From the first line of the listing below through the line with "Cast Iron Angel Door Knocker For Sale", transcribe exactly and skip the pictures.
☆ ☆ ☆ ☆
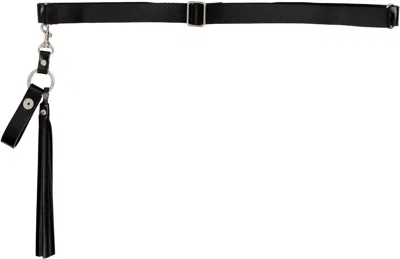 Toga Black Tassel Key Ring Belt In Black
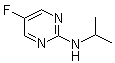 structure of CAS# 77476-97-2, 5-Fluoro-N-isopropyl-2-pyrimidinamine;5-Fluoro-N-(1-methylethyl)-2-pyrimidinamine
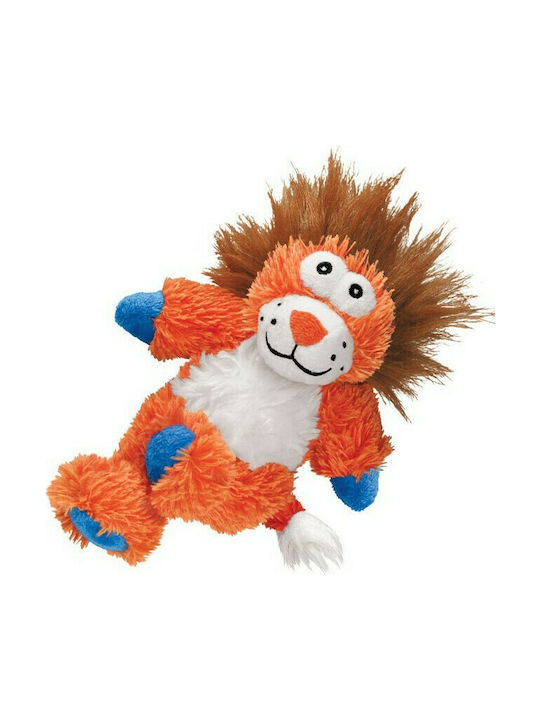 Kong Cross Knots Dog Toy Cuddly Medium with Sound Orange 20cm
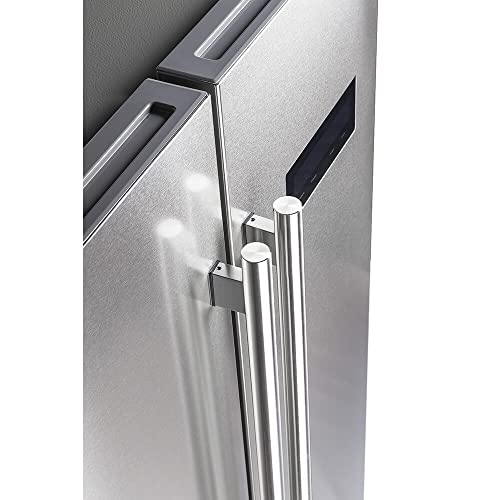 Forno Salerno 33" ‎FFRBI1805-33SB Stainless Steel Side-by-Side Fridge with LED Display 15.6 cu ft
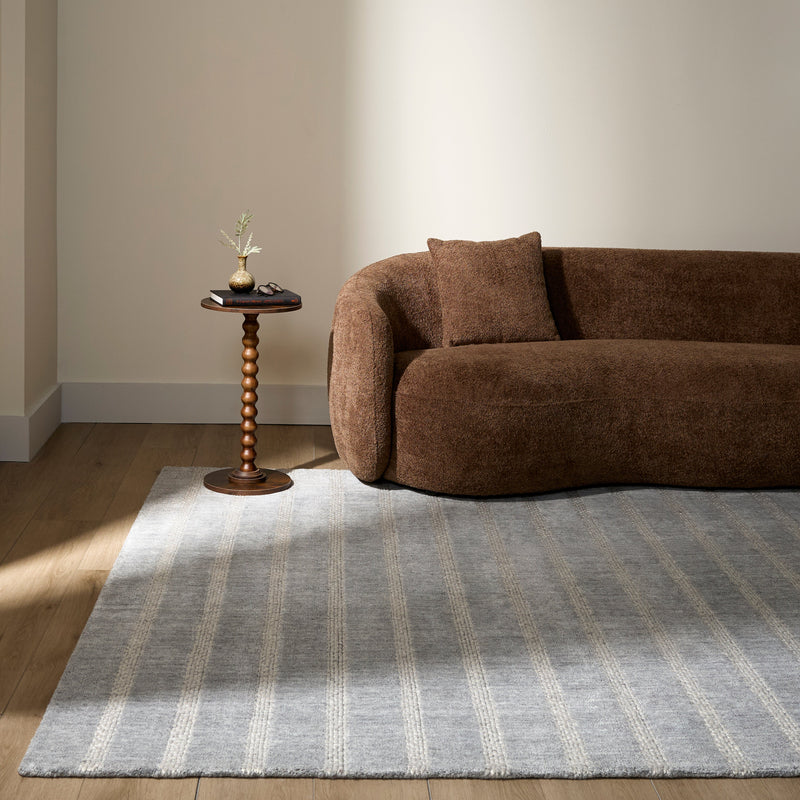 Laid Back Luxe Blue Gray Ivory Stripe - A2006 - 5' x 8'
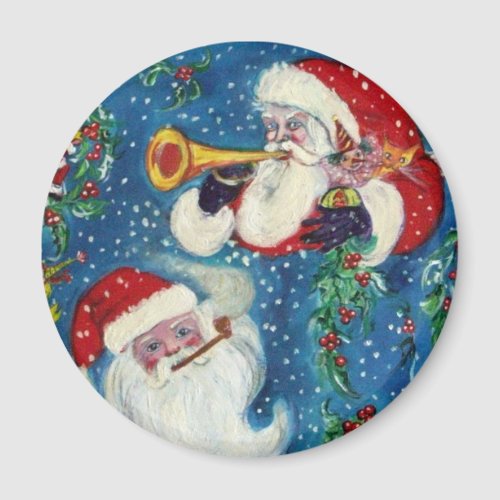 SANTA BUGLER Christmas Night Magnet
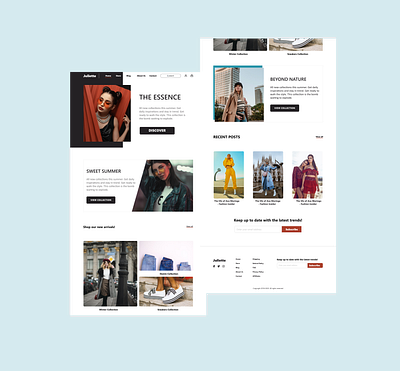 fashion website homepage dailyui design fashion homepage homepage design landing page ui web web design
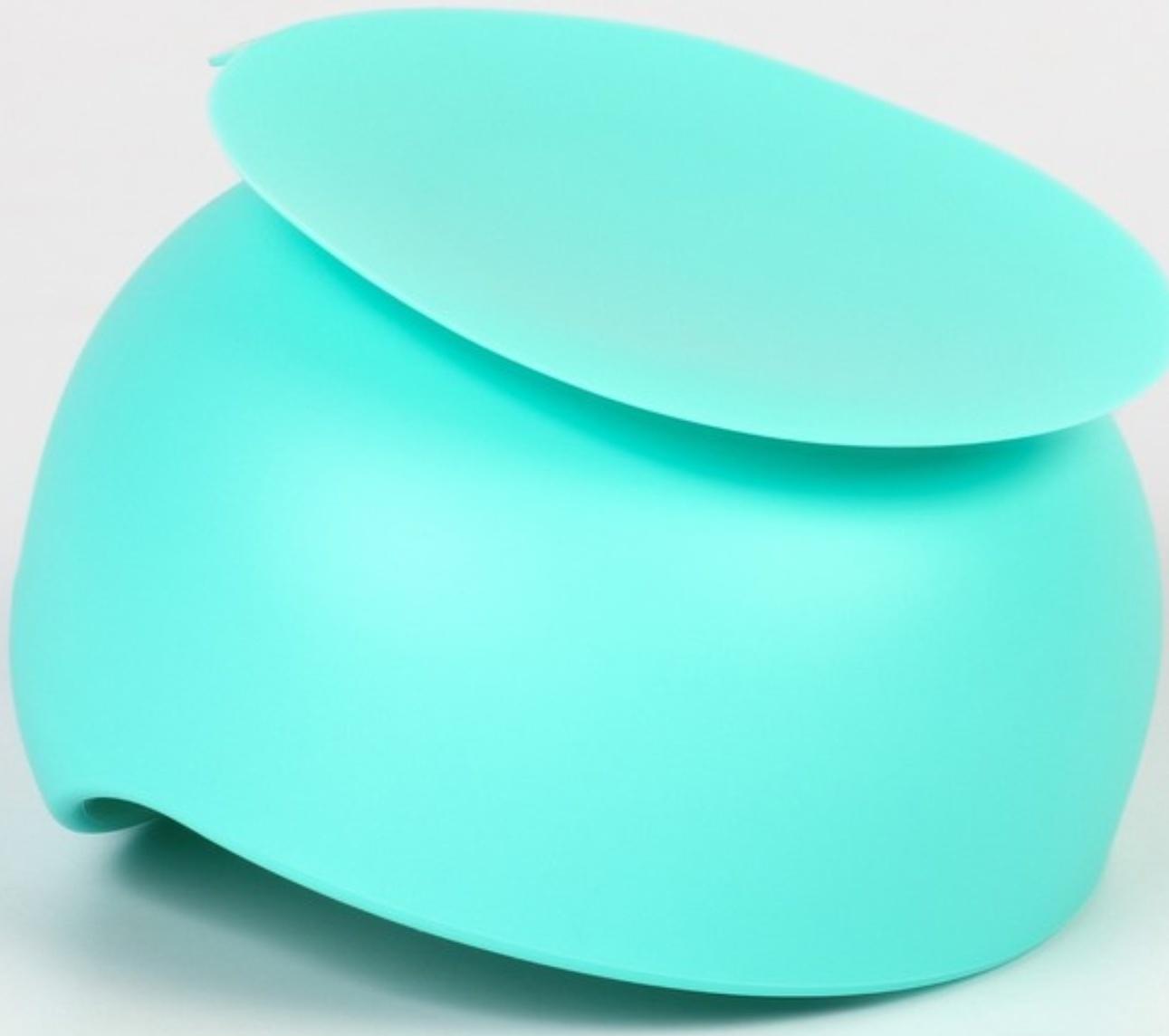 Тарелка детская, на присоске 300мл., Крошка Я, 12х8х5, бирюзовый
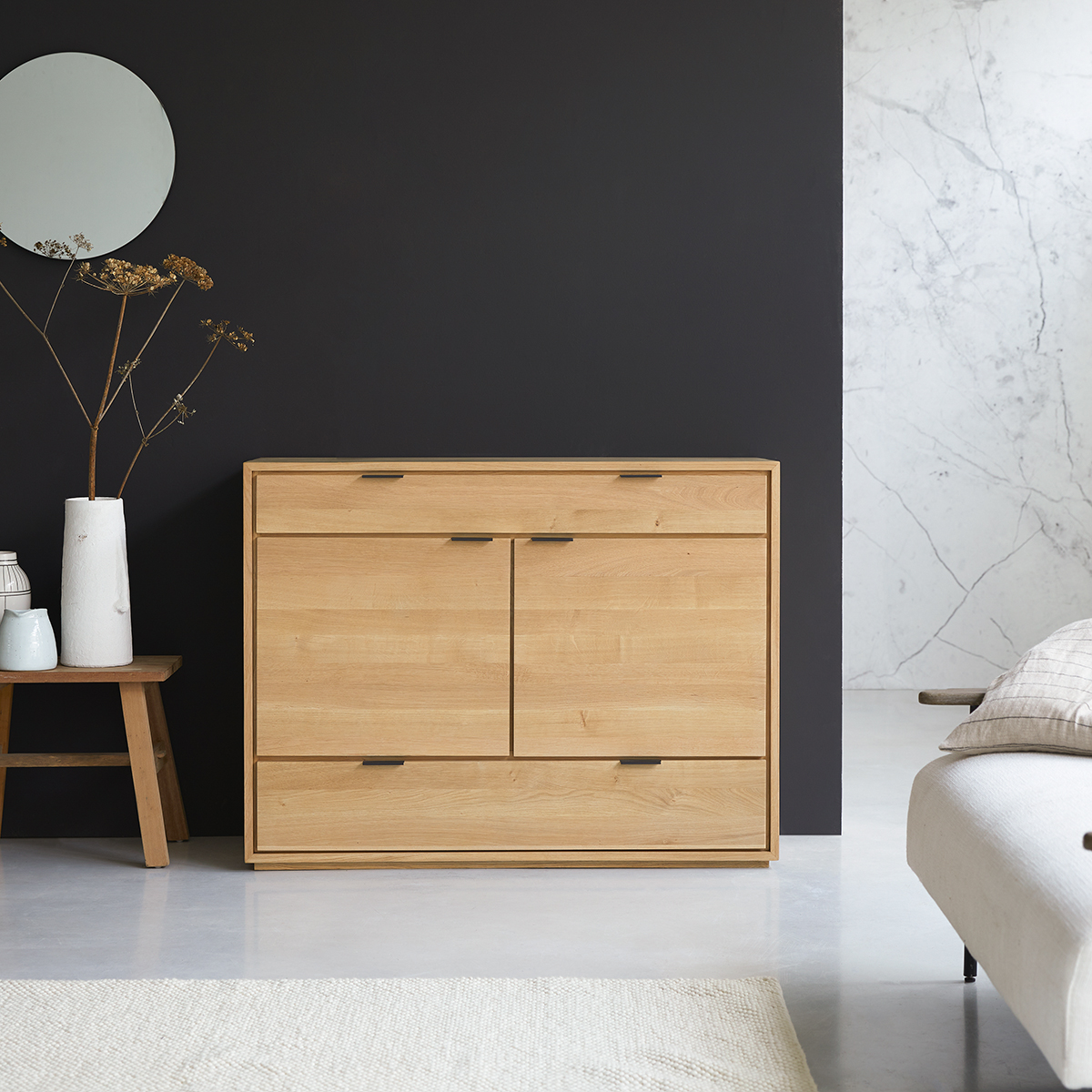 Senson solid oak sideboard 120 Senson solid oak sideboard 120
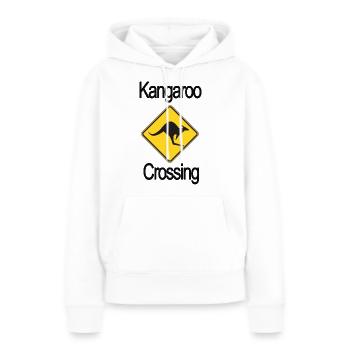 kangaroo - Frauen Premium Bio Hoodie - Weiß - Vorne - Julia (174cm)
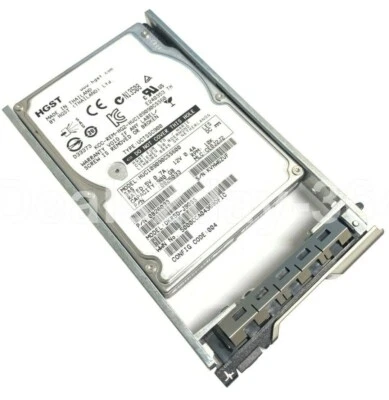 HGST HITACHI 900GB 6G SAS 10K 2.5 SC Enterprise HDD R710 R720 R730 R610 R620 R630 w/ Tray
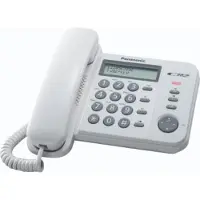 Panasonic KX-TS560EX1W, 50 contacten, LCD-scherm, werkt op AA-batterijen, 588 gram, 190 x 95 x 196 mm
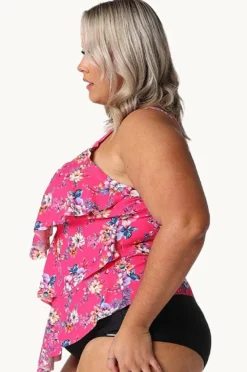 Women Capriosca Castaway Tiered Frill Tankini Separate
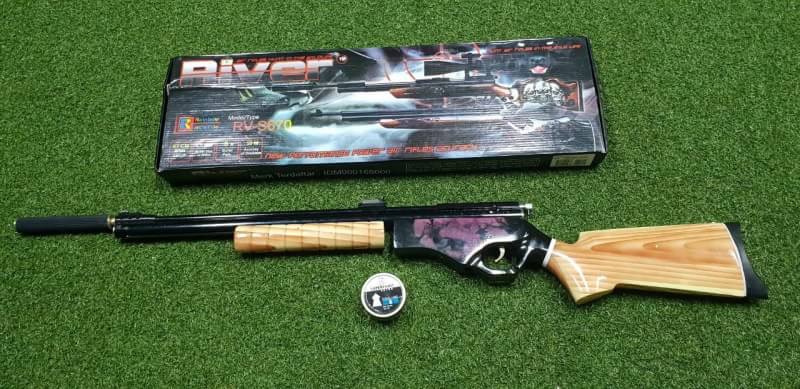 อัดลมSharpRiverหม้อลมโต .22cal. Slide Pump Air Rifle เบอร์2 ✔Made in Indo ✔แรง 600Fps. ✔Body Wood ไม้ ✔Slide Pump 3-5 ครั้ง ✔ป้อนกระสุนทีละนัดยิง ✔ลำกล้อง Barrel 67cm ✔มาพร้อมศูนย์หน้า-หลัง เหล็ก ✔หว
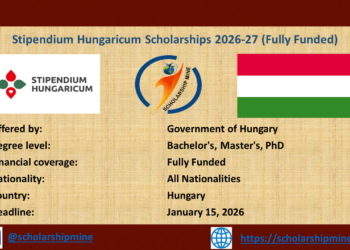 Stipendium Hungaricum Scholarships 2026-27 (Fully Funded)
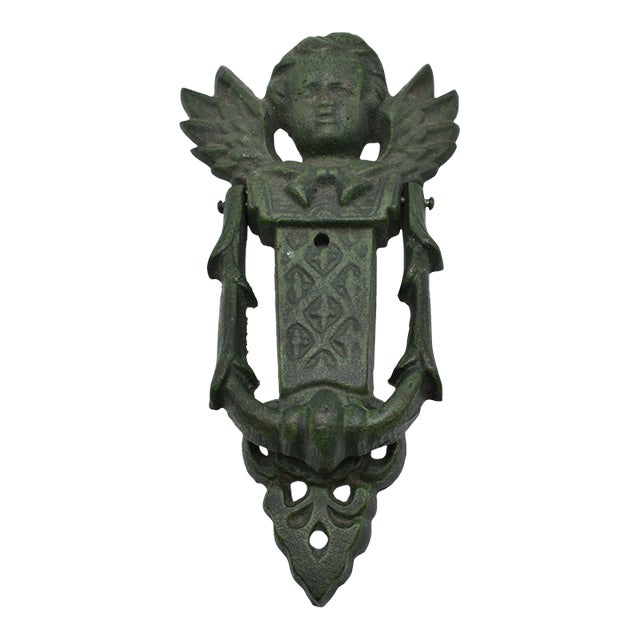 Cast Iron Angel Door Knocker For Sale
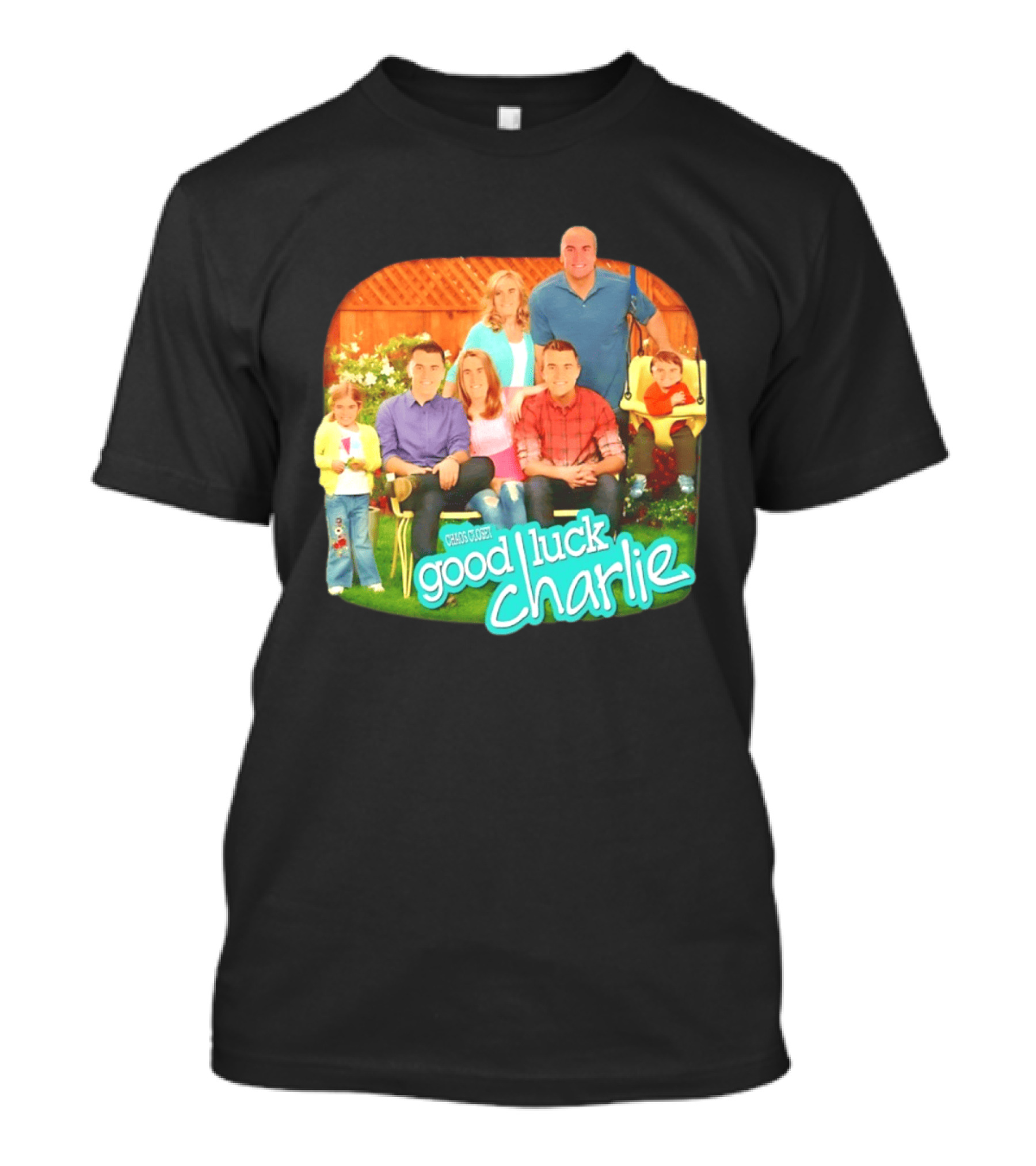 Chaos Closet Good Luck Charlie Family Parody Kirk Charlie T-Shirt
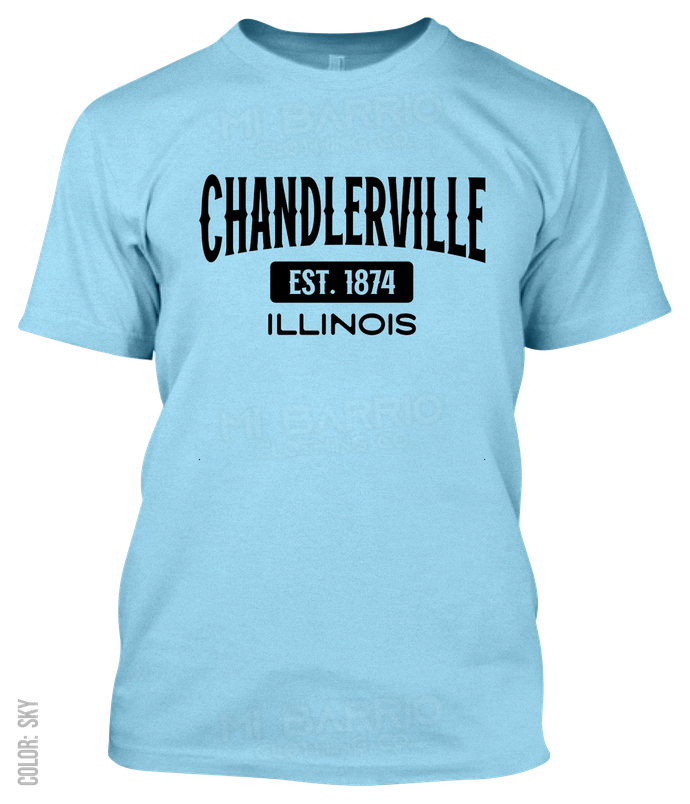 Chandlerville, Illinois Athletic T-Shirt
☆ ☆ ☆ ☆
Response to this task:
 Toga Black Tassel Key Ring Belt In Black
 structure of CAS# 77476-97-2, 5-Fluoro-N-isopropyl-2-pyrimidinamine;5-Fluoro-N-(1-methylethyl)-2-pyrimidinamine
 Kong Cross Knots Dog Toy Cuddly Medium with Sound Orange 20cm
 Forno Salerno 33" ‎FFRBI1805-33SB Stainless Steel Side-by-Side Fridge with LED Display 15.6 cu ft
 Laid Back Luxe Blue Gray Ivory Stripe - A2006 - 5' x 8'
 SANTA BUGLER Christmas Night Magnet
 fashion website homepage dailyui design fashion homepage homepage design landing page ui web web design
 Тарелка детская, на присоске 300мл., Крошка Я, 12х8х5, бирюзовый
 Senson solid oak sideboard 120 Senson solid oak sideboard 120
 kangaroo - Frauen Premium Bio Hoodie - Weiß - Vorne - Julia (174cm)
 HGST HITACHI 900GB 6G SAS 10K 2.5 SC Enterprise HDD R710 R720 R730 R610 R620 R630 w/ Tray
 Panasonic KX-TS560EX1W, 50 contacten, LCD-scherm, werkt op AA-batterijen, 588 gram, 190 x 95 x 196 mm
 Women Capriosca Castaway Tiered Frill Tankini Separate
 อัดลมSharpRiverหม้อลมโต .22cal. Slide Pump Air Rifle เบอร์2 ✔Made in Indo ✔แรง 600Fps. ✔Body Wood ไม้ ✔Slide Pump 3-5 ครั้ง ✔ป้อนกระสุนทีละนัดยิง ✔ลำกล้อง Barrel 67cm ✔มาพร้อมศูนย์หน้า-หลัง เหล็ก ✔หว
 Stipendium Hungaricum Scholarships 2026-27 (Fully Funded)
 Cast Iron Angel Door Knocker For Sale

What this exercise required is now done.